Start of Data records

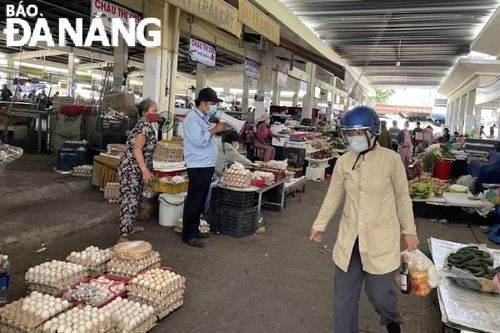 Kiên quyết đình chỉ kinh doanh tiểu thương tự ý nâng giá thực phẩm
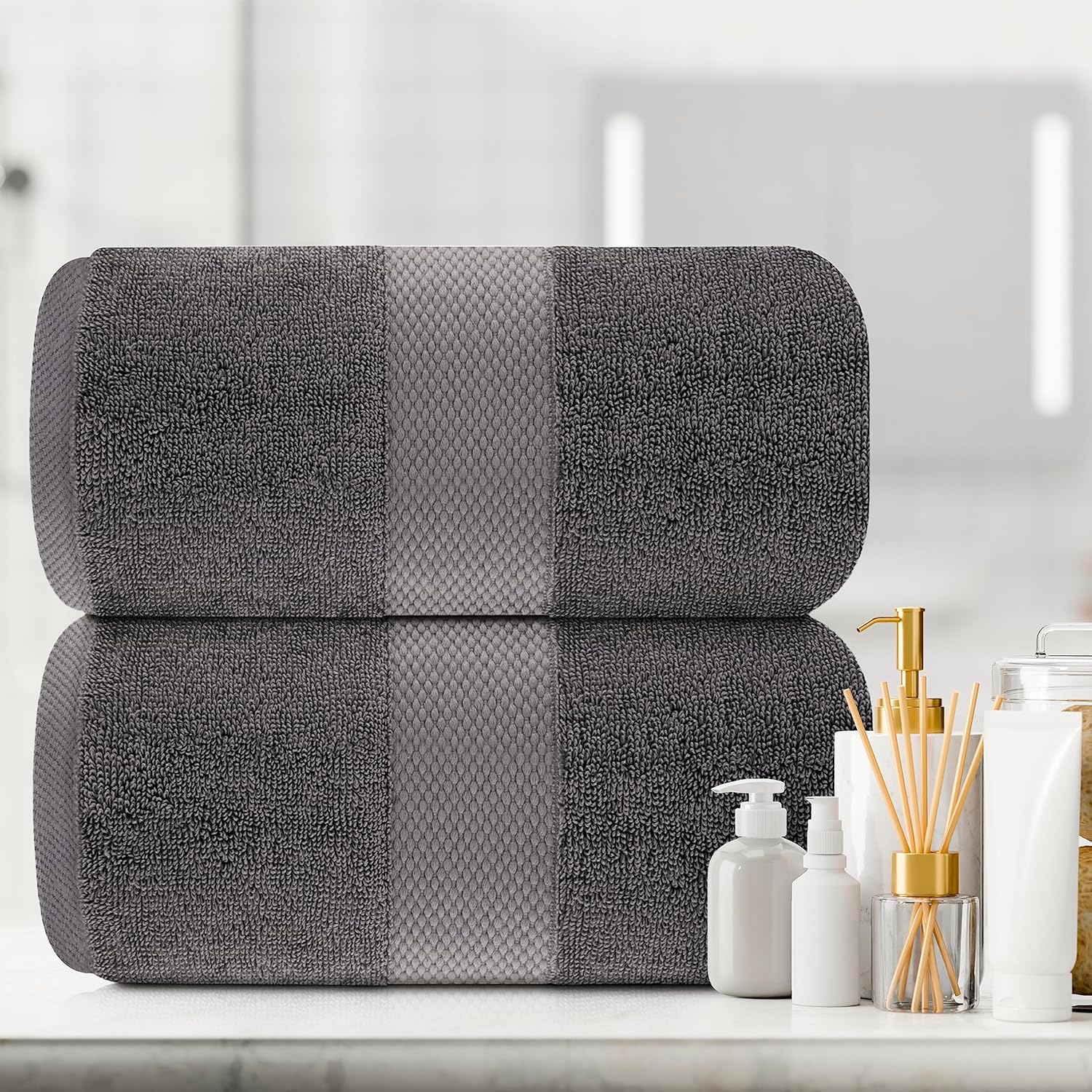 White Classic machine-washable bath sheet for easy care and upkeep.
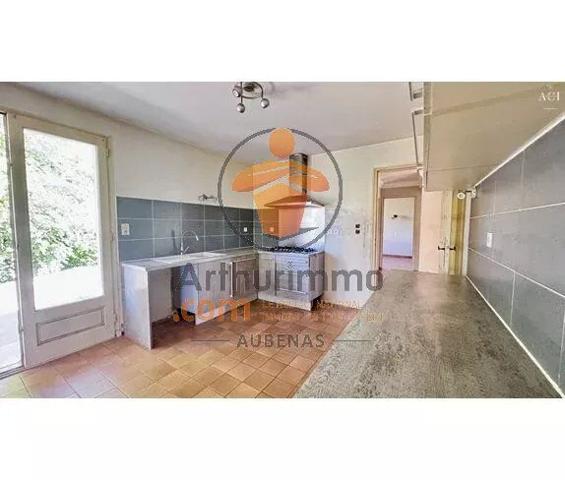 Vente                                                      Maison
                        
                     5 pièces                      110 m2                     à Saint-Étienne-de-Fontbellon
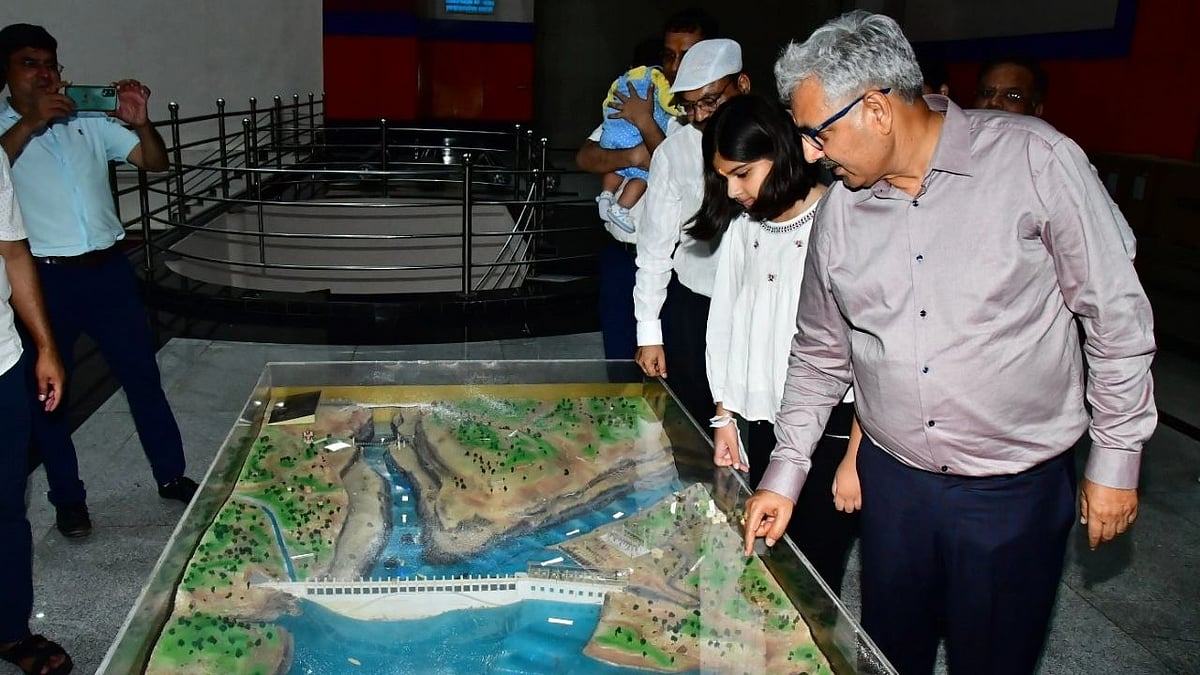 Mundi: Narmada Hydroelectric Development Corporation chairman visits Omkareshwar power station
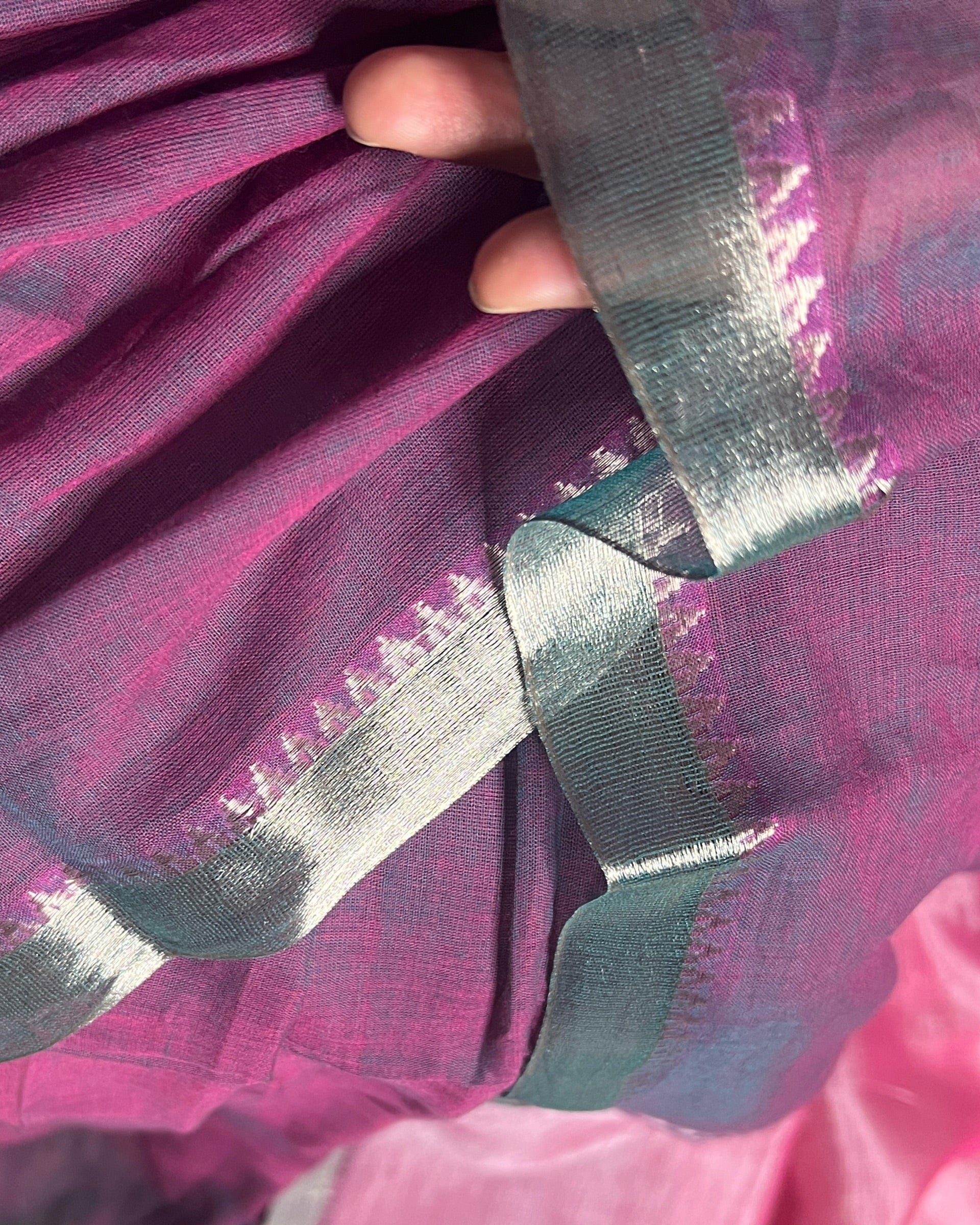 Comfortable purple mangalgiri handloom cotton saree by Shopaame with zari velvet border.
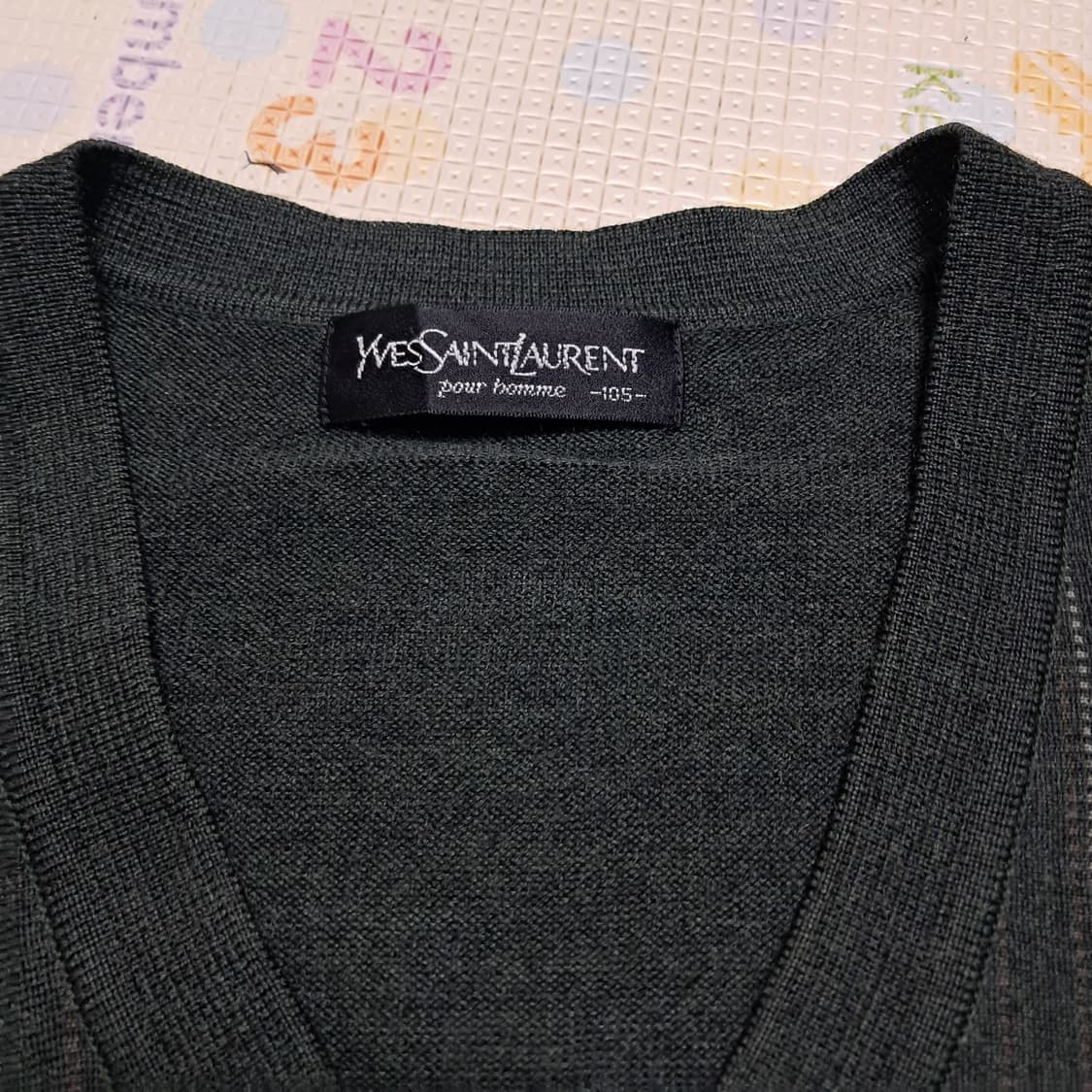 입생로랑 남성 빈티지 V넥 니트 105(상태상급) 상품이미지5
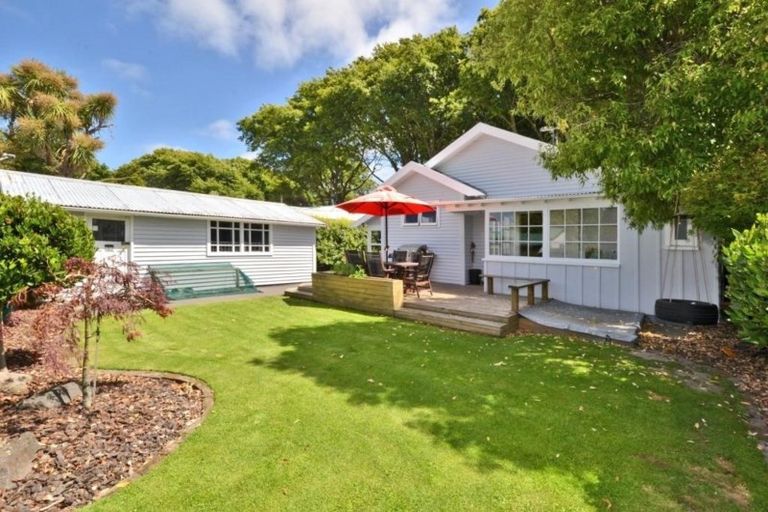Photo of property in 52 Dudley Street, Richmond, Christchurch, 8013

End of Data records

_What you need to do_
When you transcribe the lines above, keep every word exact but leave the pictures behind.

_Output of the task_
 Kiên quyết đình chỉ kinh doanh tiểu thương tự ý nâng giá thực phẩm
 White Classic machine-washable bath sheet for easy care and upkeep.
 Vente                                                      Maison
                        
                     5 pièces                      110 m2                     à Saint-Étienne-de-Fontbellon
 Mundi: Narmada Hydroelectric Development Corporation chairman visits Omkareshwar power station
 Comfortable purple mangalgiri handloom cotton saree by Shopaame with zari velvet border.
 입생로랑 남성 빈티지 V넥 니트 105(상태상급) 상품이미지5
Photo of property in 52 Dudley Street, Richmond, Christchurch, 8013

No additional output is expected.